About this exercise - From top to bottom, print the listing word for word and skip any pictures it contains.

Provided material -

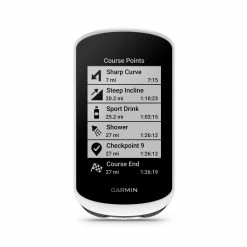 Garmin Edge Explorer 2 Power - Noir/Blanc -Porte vélos Soldes Magasin Edge Explore 2 PWR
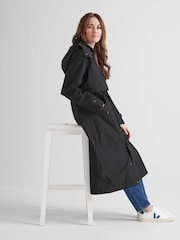Tog 24 Black Womens Alva Waterproof Coats - Image 4 of 8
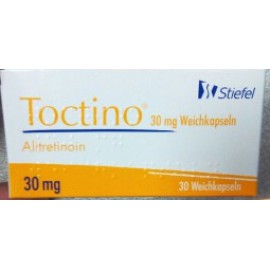 Изображение товара: Токтино Toctino (Алитретиноин) 30 мг/30 капсул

Solved exercise -
 Garmin Edge Explorer 2 Power - Noir/Blanc -Porte vélos Soldes Magasin Edge Explore 2 PWR
Tog 24 Black Womens Alva Waterproof Coats - Image 4 of 8
 Изображение товара: Токтино Toctino (Алитретиноин) 30 мг/30 капсул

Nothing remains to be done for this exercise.